Teoricamente todos são a favor da participação popular. Mas por que não implementam? Porque a democracia participativa associada a mecanismos da democracia direta, muda o modelo da política tradicional, herdeira do coronelismo, que ainda prevalece entre nós. Na democracia participativa os governantes se despem do manto arrogante do poder e da autoridade, protetor de privilégios, e se assumem como servidores públicos. As pessoas deixam de ser súditos e passam a serem sujeitos cada vez mais conscientes de seus direitos e responsabilidades.

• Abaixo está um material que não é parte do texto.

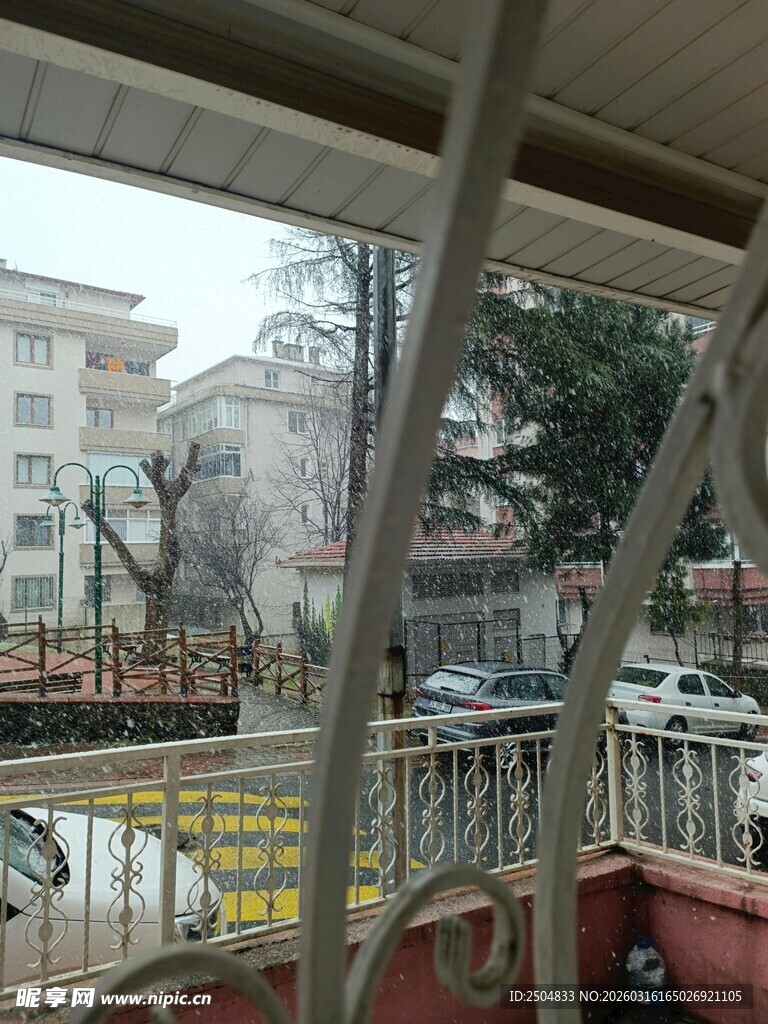 阳台外的城市景象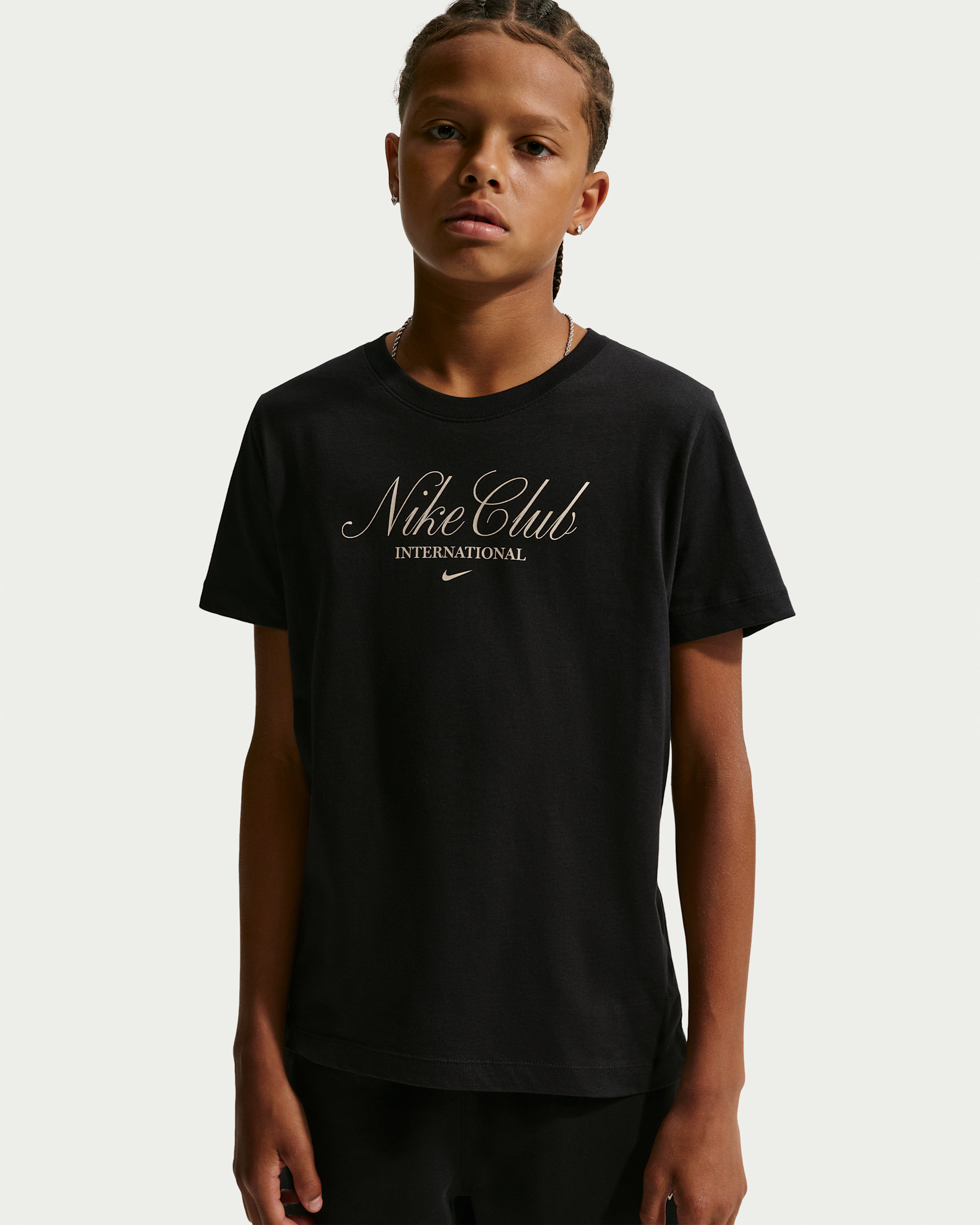Nike Sportswear Club Older Kids' T-Shirt - Black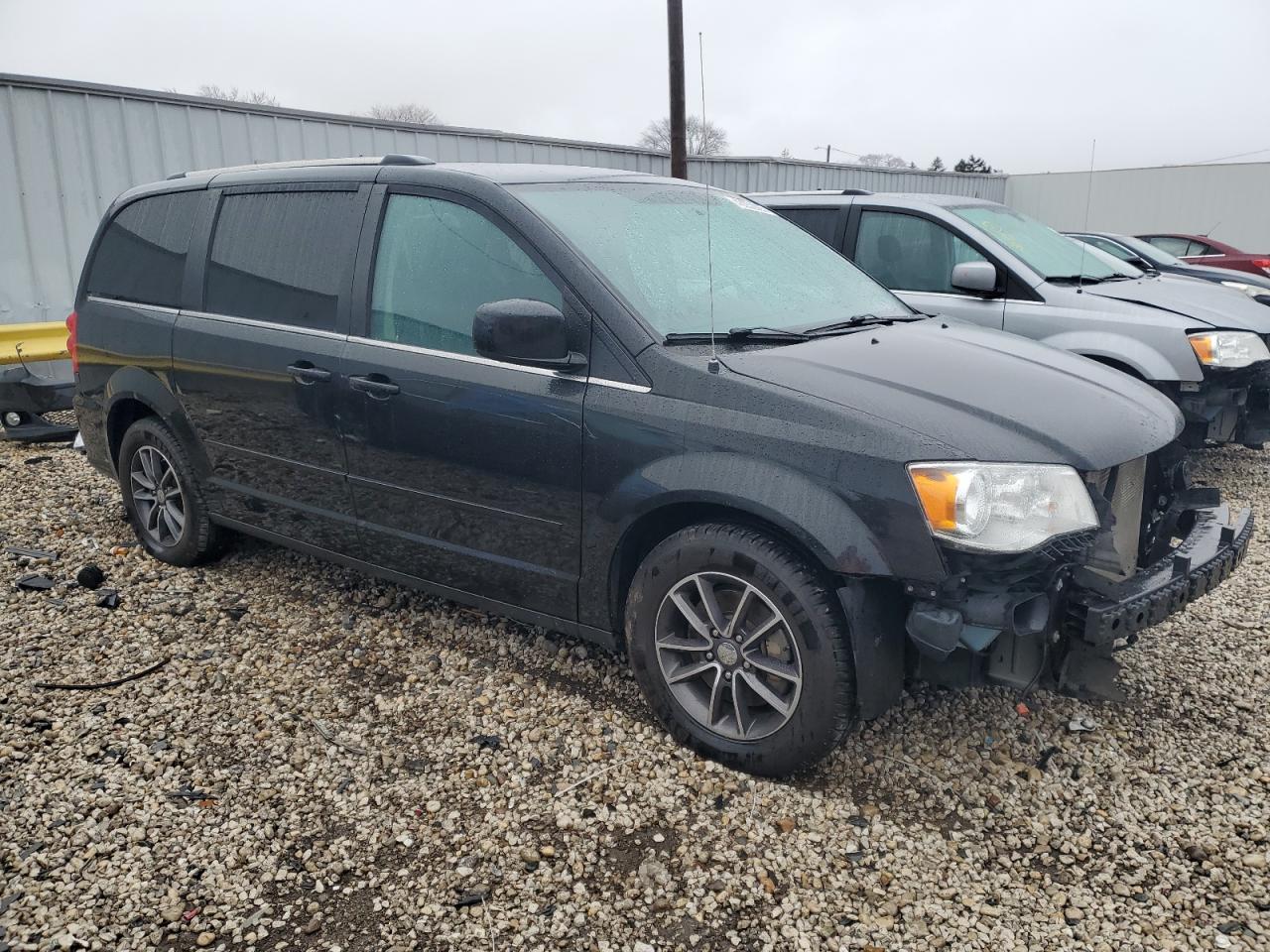 2017 Dodge Caravan - Image 4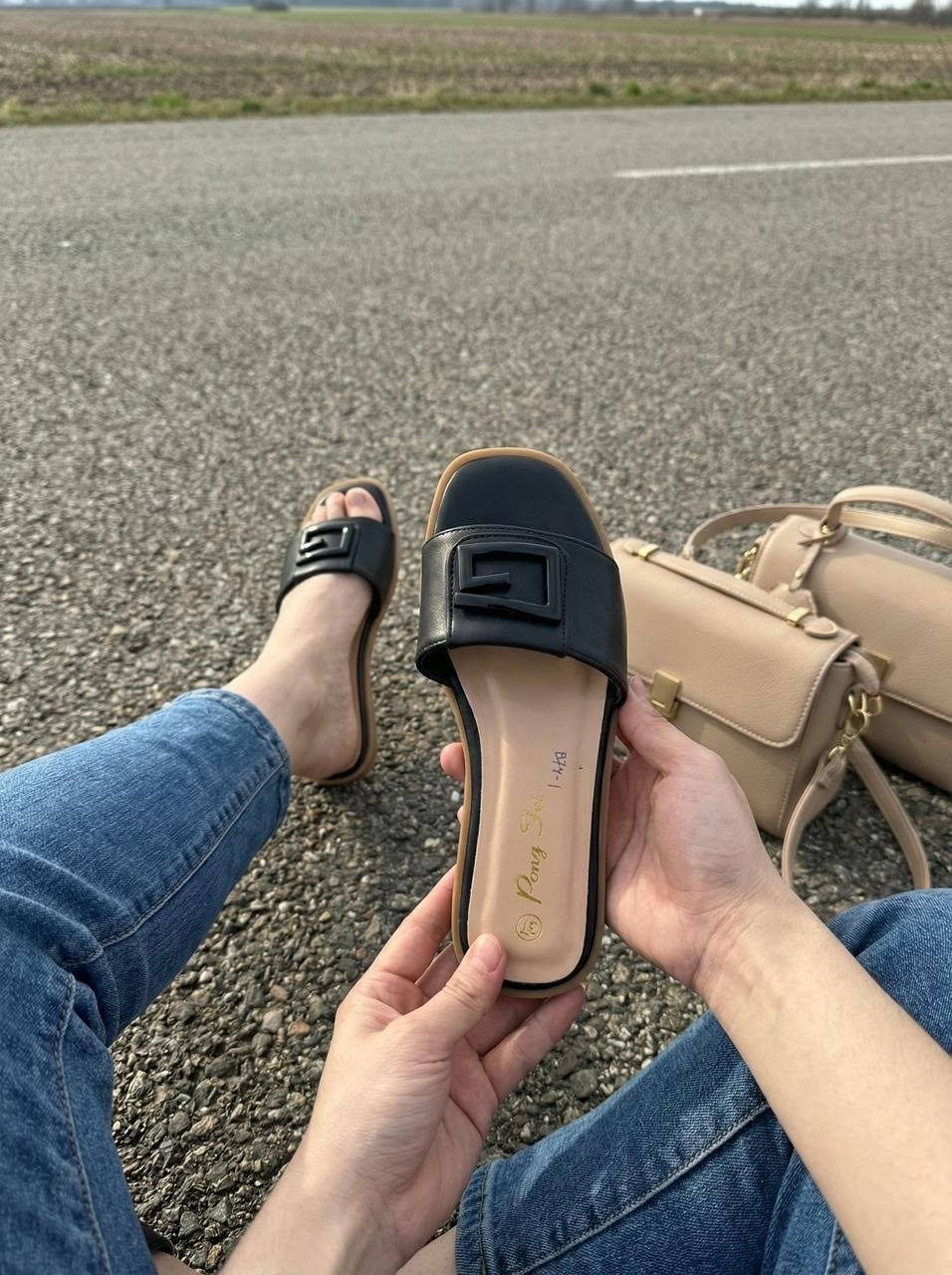 шлепки фенди,женские шлепанцы,,модные шлепанцы,шлепки женские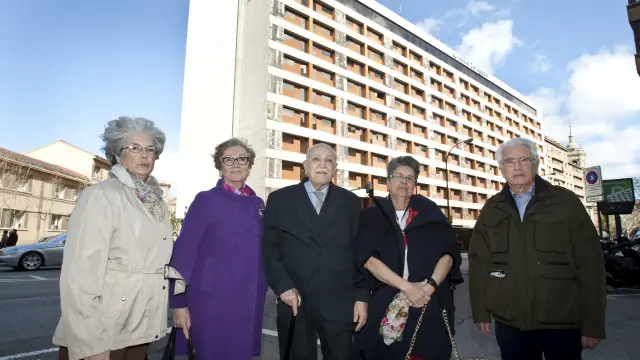Foto de archivo de una reunión de las familias de las víctimas del hotel Corona en 2013.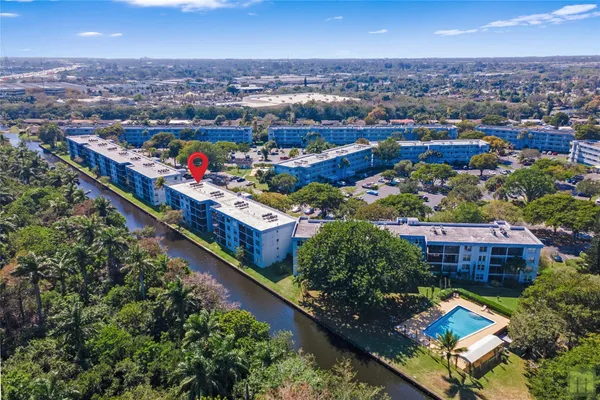 $164,900 | 105 Royal Park Drive, Unit 2G, Oakland Park, FL 33309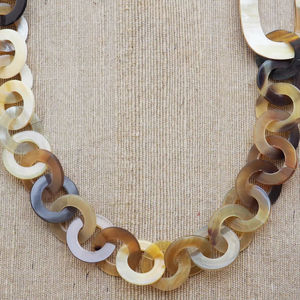 Collar de Lujo Hecho a Mano con Cuerno de Búfalo, Joyería Natural y Sostenible para Mujer, Alta Calidad - Product Image 1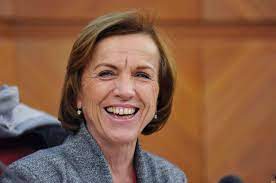 L'articolo 24, comma 10, del decreto legge numero 201 del 2011 (riforma fornero), ha stabilito che l'accesso alla pensione anticipata, a decorrere dal 1° gennaio 2012, è consentito esclusivamente se risulta maturata un'anzianità contributiva pari, attualmente, a 42 anni e 10 mesi per gli uomini e 41 anni e 10 mesi per le donne. La Fornero Va In Pensione Ma Senza Legge Fornero Alla Faccia Degli Esodati Il Primato Nazionale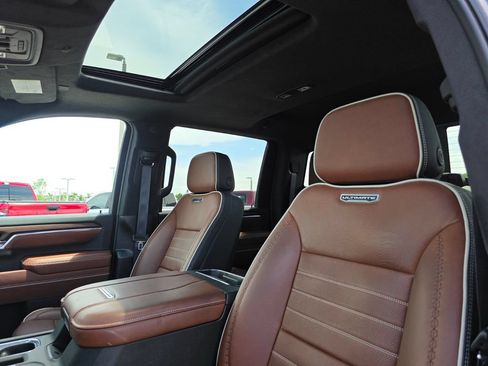 Used 2025 GMC Sierra 3500 Denali Ultimate AWD/4WD image 26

Esses jovens que saíram das redes sociais e ganharam as ruas parecem gritar que não querem mais ser comandados e dirigidos, mas querem sim participar ativamente das decisões e da gestão dos bens públicos. Isso muda a relação entre governantes e governados, colocando-os no mesmo nível de interlocução. Há um clamor pela transparência e eficácia. Isso, a velha política fechada, elitista e burocrática não quer, porque os seus representantes vão perder espaços. Eles estão no passado e ainda acreditam em pessoas manipuladas, votos comprados e na submissão ao poder econômico para manter os seus “podres poderes”, na expressão de Caetano Veloso.

Então, queremos lutar pela reforma política, pela reforma do judiciário, mas é fundamental, e esse nos parece outro clamor que emerge das manifestações, que o povo amplie os seus espaços de poder e se torne cada vez mais sujeito e construtor de sua história. É hora de ampliarmos e aprofundarmos a democracia para que ela seja efetivamente “o governo do povo, pelo povo e para o povo.”